Doing Business in the Values Vacuum



Originally Published for the Scripps Howard News Service

THE Holiday Inn in Colorado Springs has the notice “Certified Breakfast Bar” proudly displayed above the juice and jelly. I understand certifying elevators, accountants and jet engines, but a breakfast bar?

What has happened in America where even my croissants must now be credentialed?

The answer reveals important changes in our culture. There was a time when a man’s word was his bond. Today your every thought must be bonded. From the cynicism of Dilbert to the wariness of Harvey Mackay’s advice on swimming with sharks, everywhere you look in the business world, trust has evaporated.

Business abhors a vacuum just as much as nature does. In 1950 there were 184,000 lawyers; today there are 966,270 “and counting,” according to the American Bar Association — a five-fold increase.

Alienation and litigation have replaced trust and relationships as the ruling order. You can’t sell a cup of coffee in this country today without a warning label attached. Certification, whether it is croissants or CPAs, is a trend emerging as an answer to a growing cultural anomie.

Significantly, our increasing reliance on litigation has paralleled our decreasing consensus on character. Forty years ago we had “In God We Trust” inscribed on our coinage and script. Indeed, President Eisenhower once said: “Our form of government has no sense unless it is founded in a deeply felt religious faith, and I don’t care what it is.”

But today, America is a post-Christian nation, says Chuck Colson, Nixon’s aid and now leader of Prison Fellowship. This is significant because without common moral commitments there is no basis for trust. The biblical injunction, “Thou shall not steal,” provides business a boundary. With its command to “do unto others as you would have them do unto you,” Scripture’s Golden Rule provides a check on unfettered capitalism.

Today in business the Golden Rule is mocked: “He who has the gold rules.” The result? Trust and trust worthiness are not common and are not given and received without extensive “due diligence.”

Nobel laureate Milton Friedman has said that a cultural prerequisite of capitalism is the holding of truthfulness as a common virtue. When you can trust a merchant’s word, says Friedman, “it cut[s] down transaction costs.” Without adherence to common moral principles we must substitute external controls to govern business behavior; efficiency demands a framework of standards and accountability.

The 18th-century atheist philosphe, Voltaire, recognized this problem. Even though he believed Christianity was an “infamy,” he wrote that “I want my attorney, my tailor, my servants, even my wife to believe in God.”

Voltaire wanted this accountability to God not for his vendors’ eternal salvation, but as a Total Quality Management System. “…Then I shall be robbed and cuckolded less often,” he concluded.

Voltaire’s earthly needs were best met when his suppliers had some accountability to a third party. Nevertheless, even though it might be a good idea, I don’t see corporate chaplains becoming a growth industry.

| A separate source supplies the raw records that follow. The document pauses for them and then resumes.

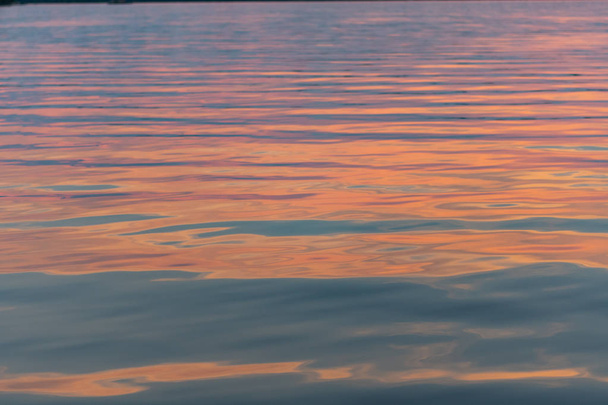 Rózsaszín naplemente fény tükrözi a nyugodt víz hullámai - Fotó, kép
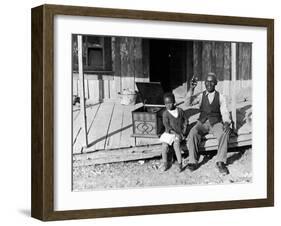 Sharecropper, Lonnie Fair and Daughter Listen to Victrola on Farm in Mississippi-Alfred Eisenstaedt-Framed Photographic Print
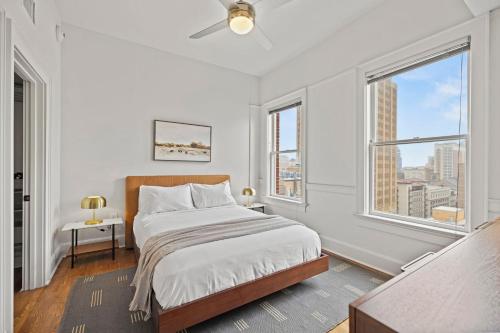 a white bedroom with a bed and two windows at The Maverick, powered by Placemakr - River Walk in San Antonio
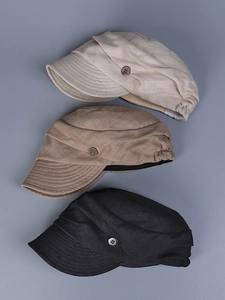 Detail of vintage linen newsboy caps in three colors with decorative wooden buttons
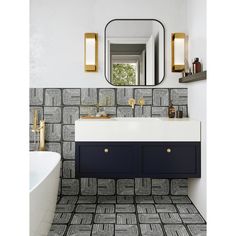 a bathroom with black and white tiles on the floor, gold trim around the mirror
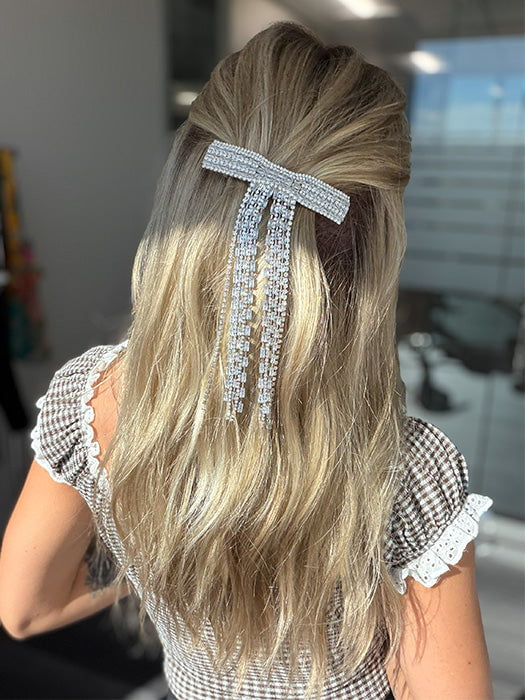 Model is wearing OLIVIA by JON RENAU in color 22F16S8 VENICE BLONDE | Light Ash Blonde and Light Natural Blonde Blend Shaded with Medium Brown (styled with clip - not included)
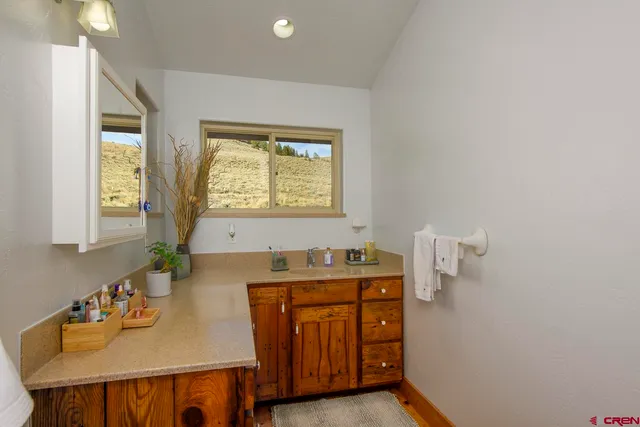 a bathroom with a sink a vanity and a mirror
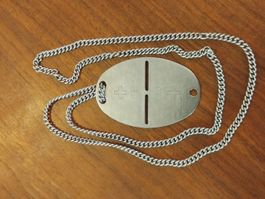 "Grabstein" Erkennungsmarke Schweizer Militär (*1961)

American government, however, is a growth industry. Not surprisingly, legislation is cropping up in this area. Reacting to the vacuum left by the demise of trust, legislators are looking at mandating professional integrity and quality by establishing regulatory parameters for certification. This year, for example, Virginia introduced legislation for “licensing …to promote competent management….” Fortunately, the bill died in committee.

Facing a regulatory solution to the trust vacuum, the private sector must catch up. We need certification, not legislative fiat. The International Standards Organization (or ISO 9000)certification has now expanded beyond product and process to include people for precisely this reason.

Certification provides a benchmark for the two essential moorings of capitalist business: standards and accountability. The French observer Alexis de Tocqueville noted that we Americans were a nation of joiners, of private association. Certification is one such association.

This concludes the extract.